Deep Dive into AI: Building a Bigram Language Model and Practicing Patience!

15 min readJan 14, 2024

Welcome or welcome back to the Deep Dive into AI tutorial series where I go deep into the fundamentals of neural networks (specifically large language models) through the bottom-up approach!

Mainly in this series, I will be referencing a lot from Andrej Karpathy’s series on Neural Networks: Zero to Hero because I have found that it is one of the most practical and in-depth series on building neural networks. And as always, I’ll be breaking everything I learn into first principles through this series and sharing the useful life lessons along the way I have learned from programming! I shared the mindsets I used in my first ever tutorial and it got a lot of positive feedback! So I’ll be sharing that more from now on:)

In this tutorial, we’re starting to build makemore:

Building a Bigram Language Model

Makemore (it just makes more of the input you feed it. In our case, it will make more names) is a character-level language model that treats each character as a token and uses it to predict the next character. It deals with only 2 characters at a time, one which is passed and the other which it has to predict. It cannot take all the previous characters for prediction so it has a limited range of context.

Each name tells us which characters are more likely to come first, which characters are likely to be paired up, and which characters are likely to come last.

Data Processing

words = open('names.txt', 'r').read().splitlines()
words[:10]

for w in words [:1]:
  chs = ['<S>'] + list(w) + ['<E>']
  for ch1, ch2 in zip(w, w[1:]):
    print(ch1,ch2)

We want to pair the adjacent characters together to define the relationship they have with each other. One way to do this in Python is through the zip() function. In this code snippet, I have only passed the first word. Zip() allows us to pair tuples until one of them runs out of data, that’s why in this case, I have paired the word with a tuple of the same word but with the first character left out so that we get pairs of adjacent characters.
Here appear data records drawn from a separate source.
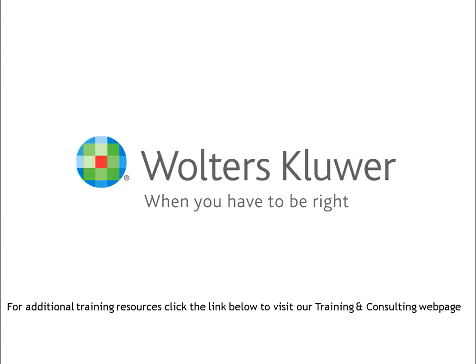Thank you for taking the time to review this video. We hope you found it helpful and informative. For additional training and consulting resources, click the link below to visit our training and consulting webpage.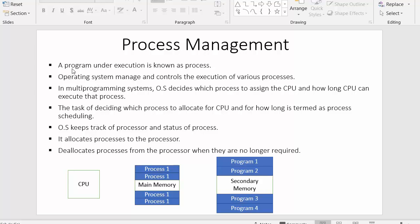The first point says a program under execution is known as a process. Whenever I create a program and make a file, I will store that file inside secondary memory — it may be a Java file, C++ file, or any other file. When I put that file inside secondary memory it becomes a program. When I move those programs into main memory, they are termed as processes.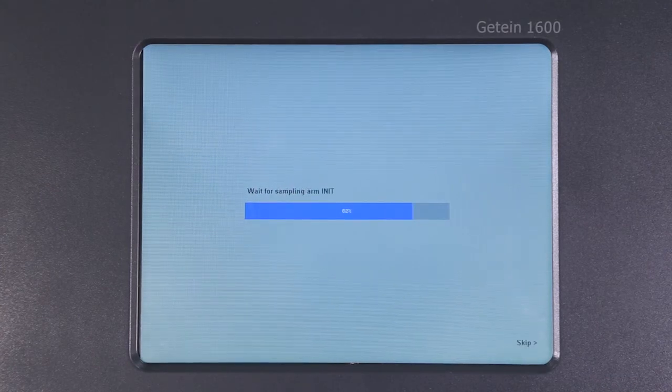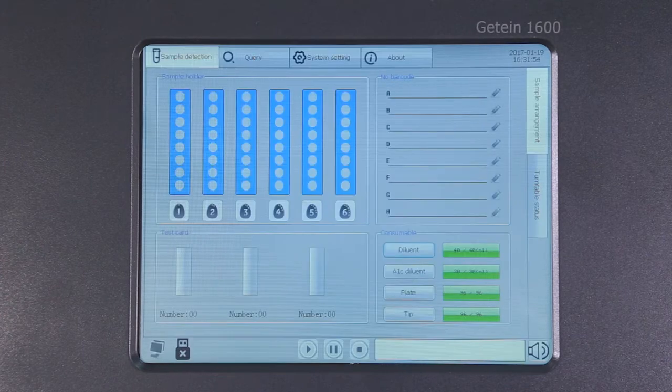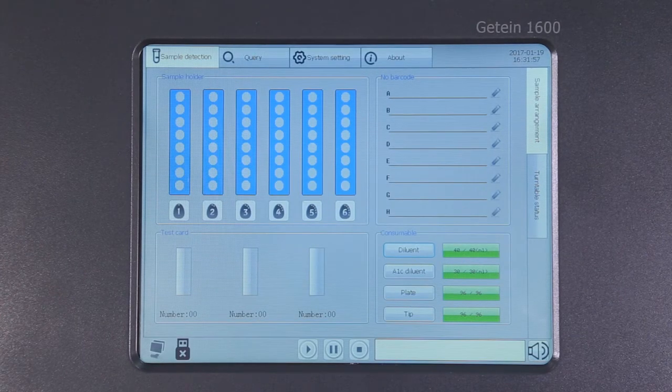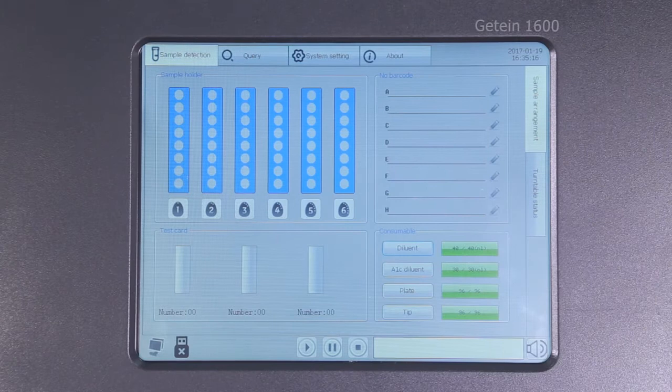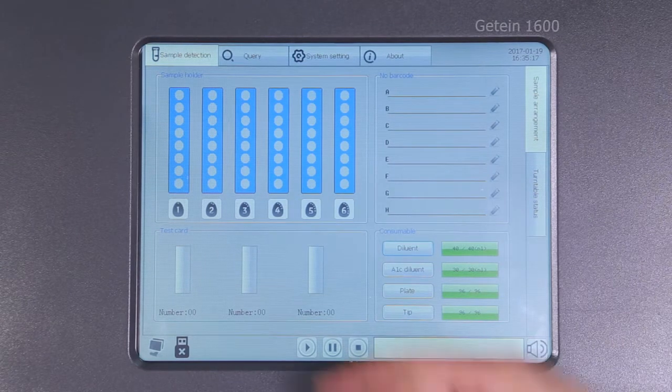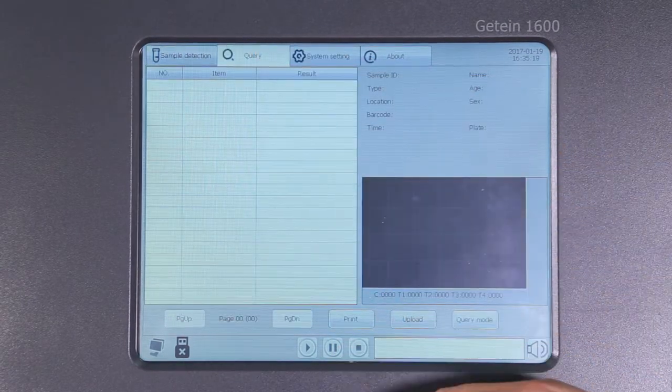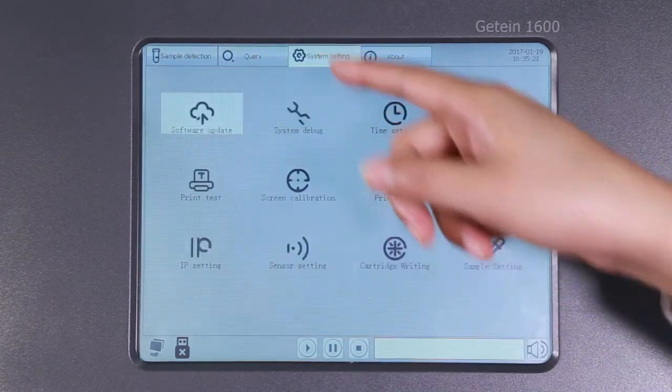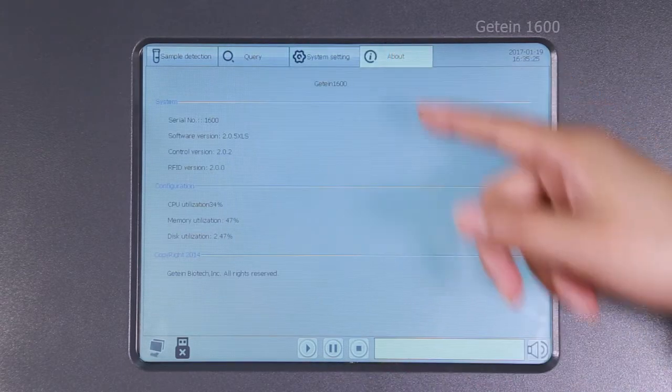Main interface will display after one minute self-check. On top of the main interface shows the following labels: sample detection, query, system setting, and about.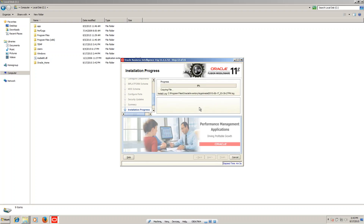Now we can start the installation. The installation will take approximately 30 to 60 minutes to complete. In the next section we are going to see Informatica installation.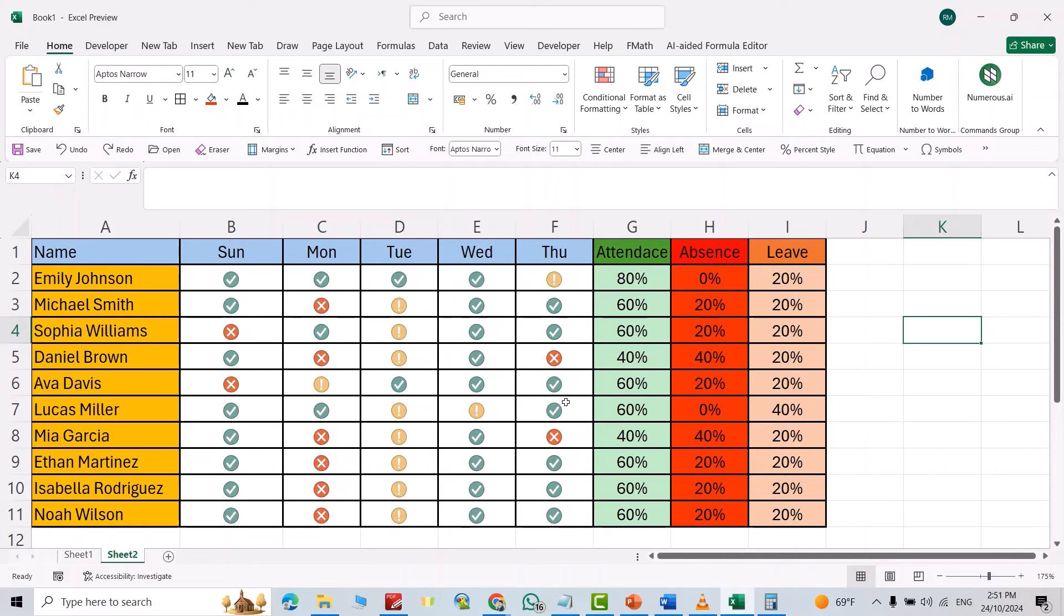Hi everyone, in this video I'm going to show you how you can create an attendance Excel sheet for your students. I use weekdays, but you can use entire months. For example, here I change it to...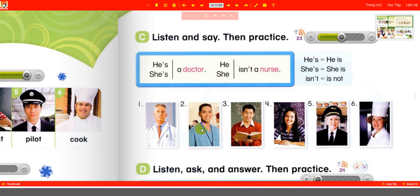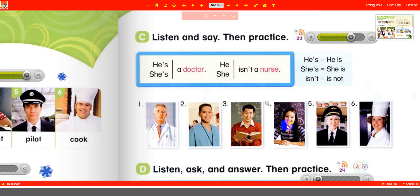One: he's a doctor, he isn't a nurse. Two: he's a nurse, he isn't a doctor. Three: he's a teacher, he isn't a student. Four: she's a student, she isn't a teacher. Five: she's a pilot, she isn't a cook. Six: she's a cook, she isn't a pilot.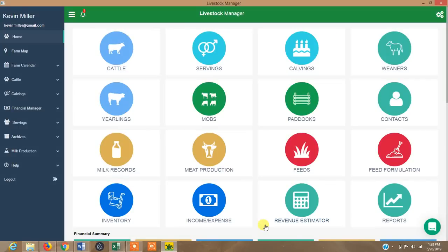Livestock Manager — a livestock management software designed for commercial livestock enterprises that need detailed livestock management records. It works on both computers, mobile phones, and any device.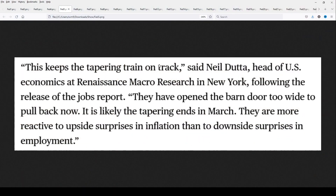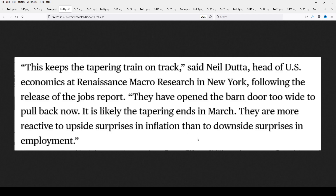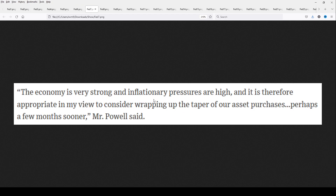This keeps the tapering train on track, said the head of economics at Renaissance Macro Research. Following the release of the jobs report, they have opened the barn door too wide to pull back now. The belief right now is that the Fed will stop its quantitative easing at the end of March. They are more reactive to upside surprises in inflation than to downside surprises in employment. And flipping to the Wall Street Journal: 'Jobless rate keeps the Fed on track to accelerate taper.' Unemployment is falling faster than officials anticipated. The economy is very strong and inflationary pressures are high — the Fed does not think demand is going away or that there's a fiscal cliff.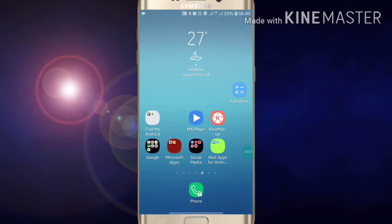Hi friends, welcome to my YouTube channel. Today I am going to show you how to create your stickers on Facebook. If you want to create your own sticker on Facebook, first of all go into your Facebook.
We’ll add a special start and end token to each word as well, so we explicitly make the relation of which characters are likely to come first and the ones that are likely to come last.

Now, we also want to find out which pairs are more likely to occur. In the Bigram model, the simplest way to do that is by counting through a dictionary.

b = {}
for w in words:
  chs = ['<S>'] + list(w) + ['<E>']
  for ch1, ch2 in zip(chs, chs[1:]):
    bigram = (ch1,ch2)
    b[bigram] = b.get(bigram, 0) + 1
    print(ch1,ch2)

b.get(bigram, 0) is a dictionary method that tries to retrieve the value associated with the key bigram in the dictionary b. If the key (bigram) is not already in the dictionary, it returns 0 as the default value.

b.get(bigram, 0) + 1 increments the value associated with the bigram key by 1. If the bigram key doesn't exist in the dictionary, it initializes it with a value of 1.

Let’s see which pairs are the most common.

sorted(b.items(), key = lambda kv: -kv[1])

We call the b.items() function which returns key and value pairs and sorts them in a descending order. -kv[1] returns the value of each key.

In this case, the key is the bigram pairs and values are their frequency.

Building the Model!

Instead of dictionaries, let’s store it in a PyTorch tensor of dimension 28 by 28.

import torch

N = torch.zeros((28,28), dtype = torch.int32)

Now, we can take the unique characters in the dataset and map them to numbers to create an index table stoi and we can also reverse this dictionary as itos . We can look up the indices of the character in the stoi table and locate it in the tensor to update it.

chars = sorted(list(set(''.join(words))))
stoi = {s:i+1 for i,s in enumerate(chars)}
stoi['<S>'] = 0
stoi['<E>'] = 28
for w in words:
  chs = ['<S>'] + list(w) + ['<E>']
  for ch1, ch2 in zip(chs, chs[1:]):
    bigram = (ch1,ch2)
    b[bigram] = b.get(bigram, 0) + 1
    ix1 = stoi[ch1]
    ix2 = stoi[ch2]
    N[ix1, ix2] += 1
itos = {i:s for s,i in stoi.items()}

But adding <S> and <E> characters increases the number of characters we have and leads to additional pairs being added that will always be zero such as <E>(any other character). So we can replace both characters by .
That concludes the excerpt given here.